Our Research
Active projects. Production-grounded, reproducible, openly published.
SynapseKit
A lightweight, production-focused LLM framework built from the ground up for speed and simplicity. 2 dependencies, 30× faster cold start than LangChain, async-native tool and retriever base classes. Designed for engineers who want batteries-included agent tooling without the middleware tax.
ChunkRank
A Python library for ranking and filtering document chunks by relevance before sending them to an LLM. Reduces token cost and improves answer quality in RAG pipelines by ensuring only the most informative chunks make it into the context window.
LLM Framework Showdown
A 30-notebook reproducible benchmark comparing SynapseKit, LangChain, and LlamaIndex across developer experience, RAG pipelines, agent capabilities, and production concerns. Every benchmark is runnable on Kaggle, every result is reproducible. We measure cold start time, dependency count, memory footprint, API abstraction depth, streaming latency, and 12 more dimensions that matter when you're shipping to production,not just running a demo.

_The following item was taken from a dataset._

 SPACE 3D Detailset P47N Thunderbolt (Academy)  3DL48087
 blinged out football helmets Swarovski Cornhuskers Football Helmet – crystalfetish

Production Agent Reliability Study
A systematic study of failure modes in deployed LLM agents: uncontrolled loops, tool call errors, context window exhaustion, and cost overruns. We're building a structured taxonomy of 40+ failure patterns observed in real production systems, along with concrete mitigation strategies for each. The dataset includes traces from multi-step agents, ReAct loops, and tool-augmented pipelines,documenting exactly where and why they break.
Open Evals Harness
A provider-agnostic evaluation suite for LLM framework agent capabilities, portable across OpenAI, Anthropic, Google, and open-source models. Standardized metrics covering accuracy, latency, cost-per-task, and reliability,with a public leaderboard anyone can submit to. Designed so teams can benchmark their own agents against published baselines using the same harness we use internally.